A watchdog group, Restore Public Trust, called for a congressional investigation and for the Justice Department's inspector general to find out if political interference played a role in changing the sentencing recommendation.

"President Trump's interference into the Department of Justice for political reasons is a betrayal to our democracy," Lizzy Price, director of Restore Public Trust, said in a statement.

After key Justice officials announced they were intervening in the case to call for a shorter sentence for Stone, Aaron Zelinsky, one of the prosecutors who recommended the original sentence, announced he was ending his involvement in the case.

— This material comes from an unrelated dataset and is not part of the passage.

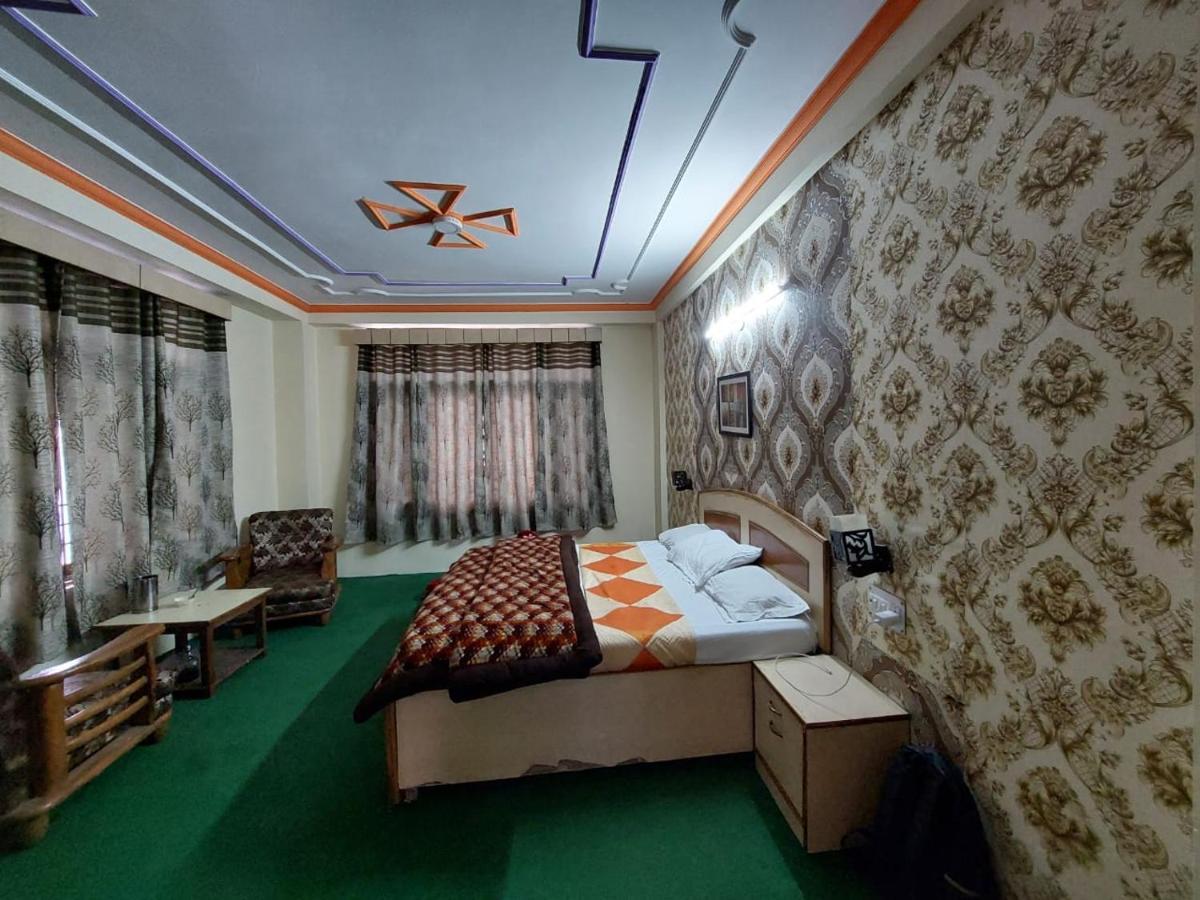 Hotel Wow Cottages - A Boutique Manali (Himachal Pradesh)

Trump denounced the initial sentencing recommendation for his longtime friend.

Stone's political skulduggery on behalf of Republican candidates dates to the 1960s. Among other offenses, he was convicted of lying to Congress about his attempts to find out about hacked Democratic emails during the election four years ago that were aimed at undermining the candidacy of Democrat Hillary Clinton, Trump's opponent.

Prosecutors said the seven-to-nine-year sentence recommended for the 67-year-old Stone was "consistent with the applicable" federal sentencing guidelines, and "would accurately reflect the seriousness of his crimes and promote respect for the law.”

Stone's lawyers are calling for probation, pointing to Stone's age and his lack of a criminal history.

Prosecutors said the recommended sentence “will send the message that tampering with a witness, obstructing justice and lying in the context of a congressional investigation on matters of critical national importance are not crimes to be taken lightly.”

They said that Stone "obstructed Congress’ investigation into Russian interference in the 2016 election, lied under oath and tampered with a witness. And when his crimes were revealed by the indictment in this case, he displayed contempt for this court and the rule of law.”

Trump gave no indication whether he might pardon Stone, but did not rule it out in a December comment, when he described the prosecutors in the case as "dirty cops" and "evil people."

Stone is one of the more colorful figures in American politics. He proudly sports a tattoo on his back of former President Richard Nixon, the only U.S. leader to ever resign, leaving office in 1974 in the midst of the Watergate political scandal just ahead of his certain impeachment in the House of Representatives.